Since I am a huge European Union supporter, let me be the first to congratulate the Tories on the new Euro baby!

What is funny is all the people who thought David Cameron ever meant for there to be a referendum.

As far as I'm concerned the EU is the best thing for peace that has ever happened in Europe.

I simply do not understand those in my own country who oppose. We all have complaints about any system we are in, but there has been no general war in Europe since 1945, and the EU provides by far the best framework for dealing with the remaining ethnic/ethno-religious problems.

I do not deny that NATO (AND the Warsaw Pact) had a role in stabilising Europe), but in truth the major conflicts in the past 400 years had all been initiated by France, the biggest German state (based in either Vienna or Berlin) and Spain (which is no longer a threat).

The European Steel and Coal Community led to the EEC to the EC and now to the EU. It has stabilised all of west and west-central Europe, and shows signs of doing so in east-central Europe.

Meanwhile, the EU's support for regionalism within countries is part of what helped calm Ireland down, stopped Catalunya getting violent, and keeps the Basque country OK.

As long as the EU prevails, there will be no irredentist wars over Trieste, the Tyrol, German speaking Belgium, etc. etc.

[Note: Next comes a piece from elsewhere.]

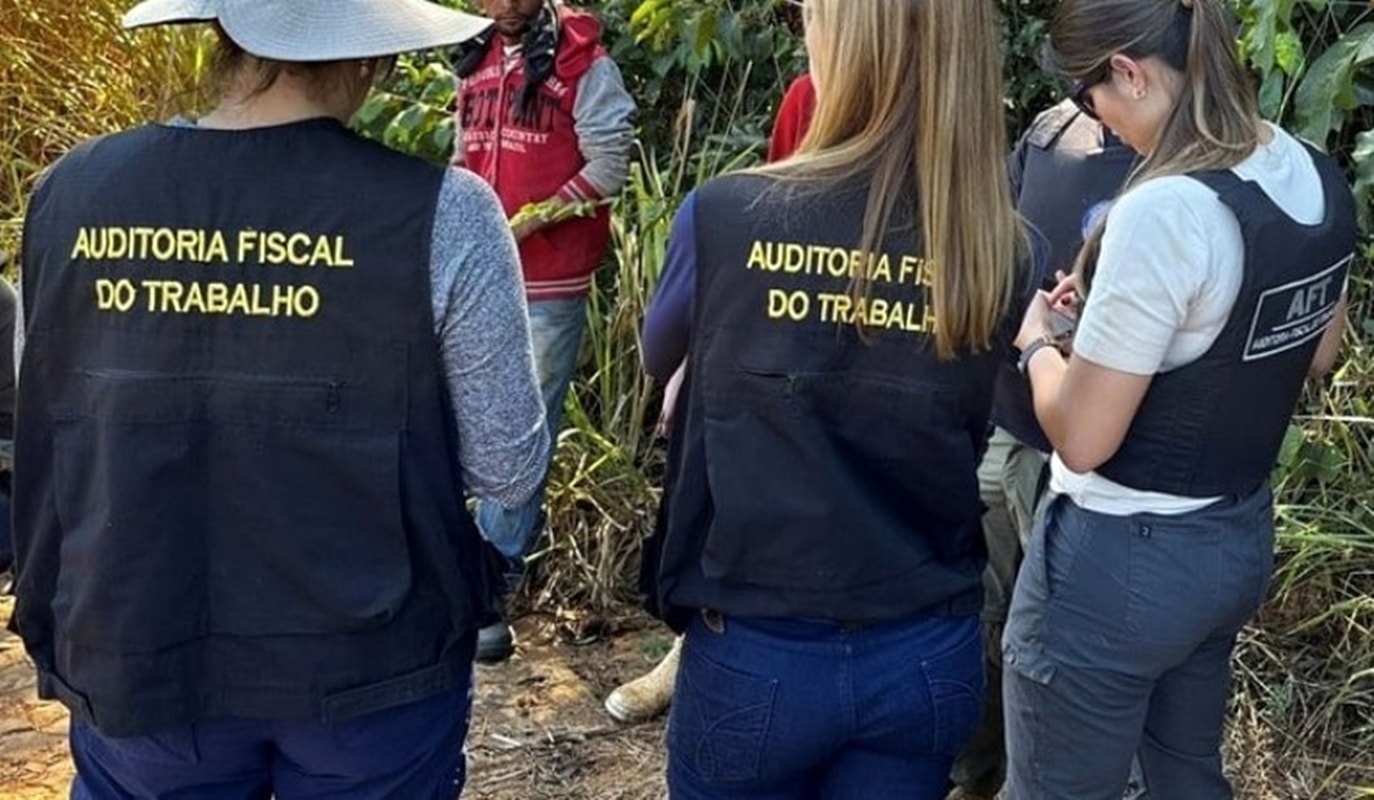 MTE divulga regras para lotação das vagas remanescentes de auditor fiscal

If the EU had already been able to incorporate Yugoslavia I doubt those criminal idiots Milosevic and Tudjman would have been able to wreak the destruction they did.

UPDATE: The Czech president has now signed the Lisbon Treaty. Hooray.

1 comment:

Travis said...

When I was a student at UNF, we had an economics professor from the University of Warsaw come in and explain the EU, its history and how it evolved. Originally, it was a plan for one currency and over time the idea of the EU started to get more and more authority. I think that many in the British public are worried about the EU overriding the soveriegnty of the UK.

One of the major questions I had about the EU and the Euro was how the value of the currency were to remain stable with it being the currency of so many countries. Hypothetically speaking, what if Italy were to have a reckless economic policy that were to cause problems with the value of the Euro. The other nations who use that currency would be affected by the actions of Italy. Maybe the Brits feel that by keeping the pound they would not be as adversely affected if such a thing were to happen.